Task prompt
Pictures aside, return all of the records exactly as they stand.

Data records

---*---

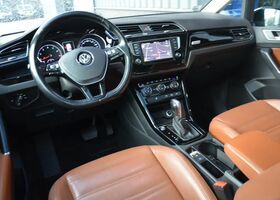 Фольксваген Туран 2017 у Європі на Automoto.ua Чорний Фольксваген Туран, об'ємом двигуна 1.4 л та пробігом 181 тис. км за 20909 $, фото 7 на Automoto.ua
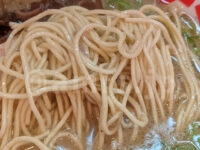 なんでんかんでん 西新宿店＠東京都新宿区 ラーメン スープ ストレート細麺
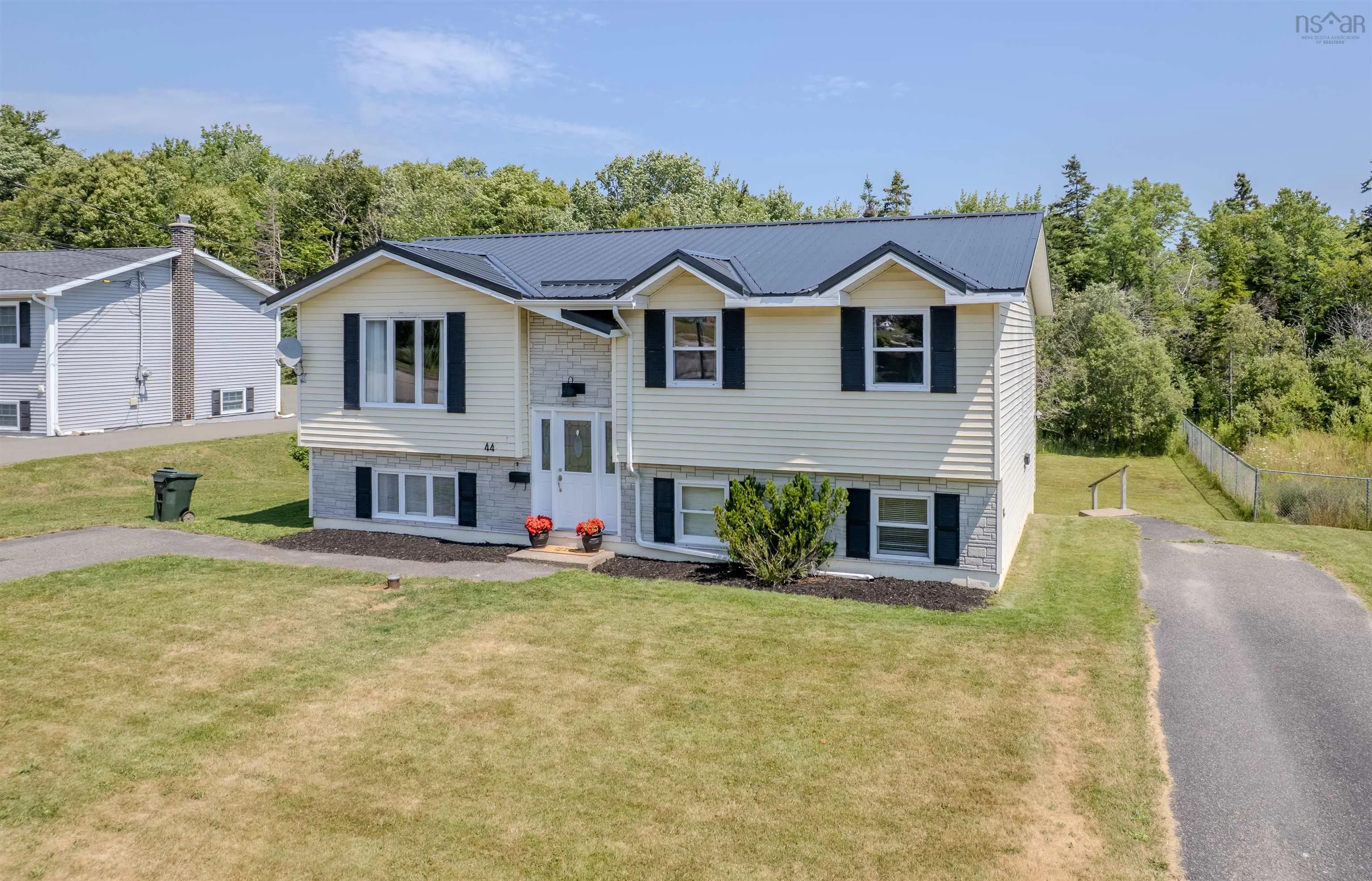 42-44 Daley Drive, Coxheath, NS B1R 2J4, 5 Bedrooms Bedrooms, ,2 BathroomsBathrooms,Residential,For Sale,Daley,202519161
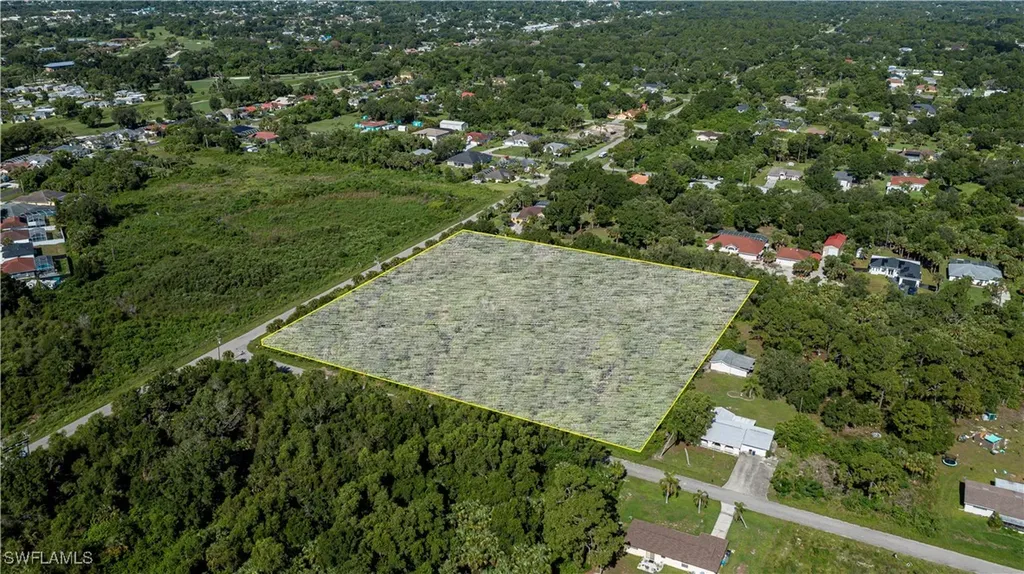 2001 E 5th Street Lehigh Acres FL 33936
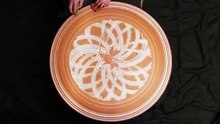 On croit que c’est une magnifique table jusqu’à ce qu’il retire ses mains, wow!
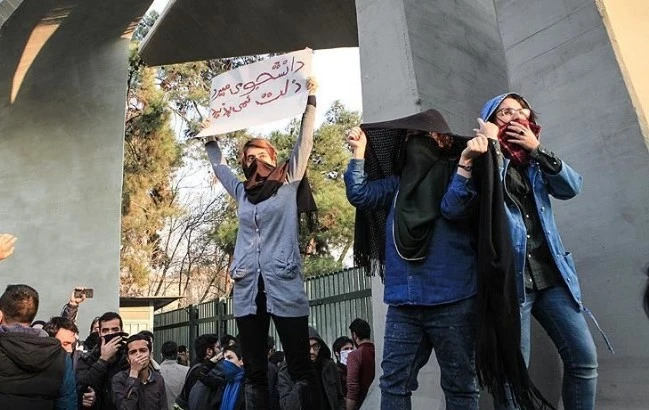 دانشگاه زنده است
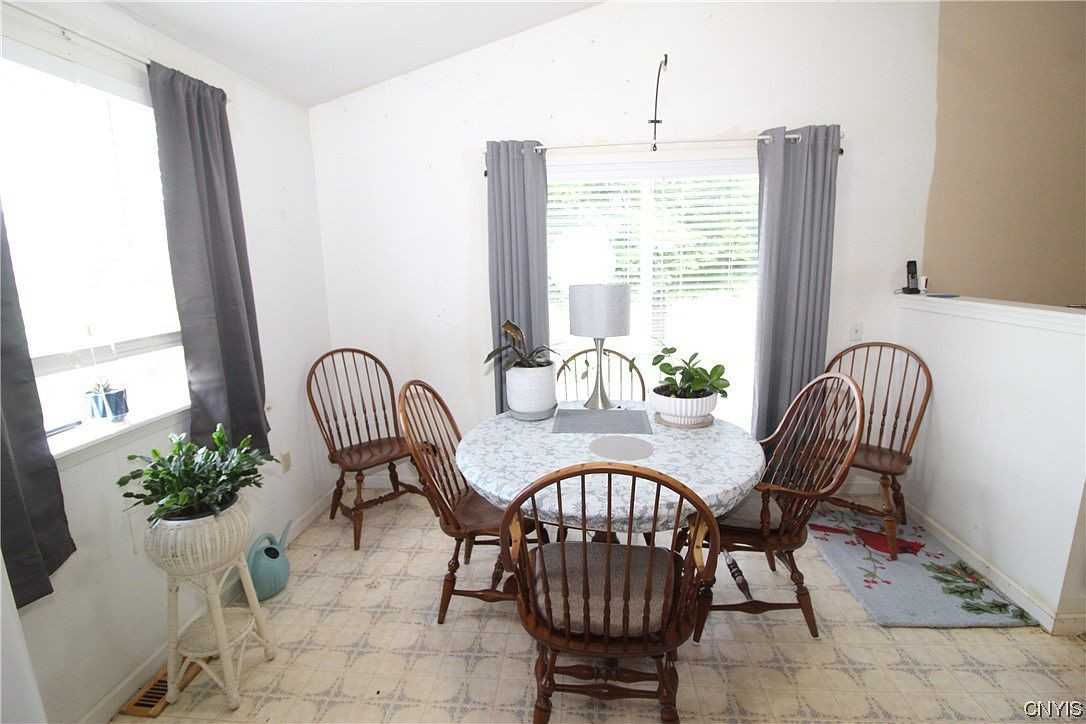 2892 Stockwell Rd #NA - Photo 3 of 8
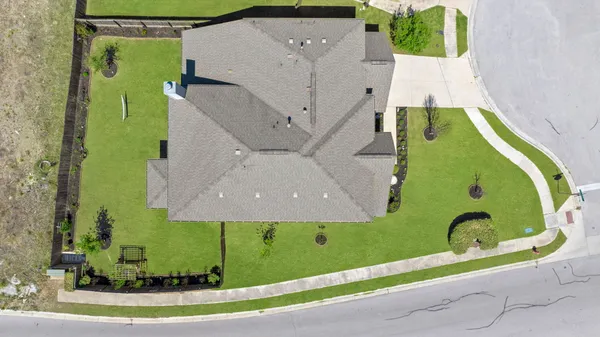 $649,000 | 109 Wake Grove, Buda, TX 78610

---*---

Task solution
 Фольксваген Туран 2017 у Європі на Automoto.ua Чорний Фольксваген Туран, об'ємом двигуна 1.4 л та пробігом 181 тис. км за 20909 $, фото 7 на Automoto.ua
 なんでんかんでん 西新宿店＠東京都新宿区 ラーメン スープ ストレート細麺
 42-44 Daley Drive, Coxheath, NS B1R 2J4, 5 Bedrooms Bedrooms, ,2 BathroomsBathrooms,Residential,For Sale,Daley,202519161
 2001 E 5th Street Lehigh Acres FL 33936
 On croit que c’est une magnifique table jusqu’à ce qu’il retire ses mains, wow!
 دانشگاه زنده است
 2892 Stockwell Rd #NA - Photo 3 of 8
 $649,000 | 109 Wake Grove, Buda, TX 78610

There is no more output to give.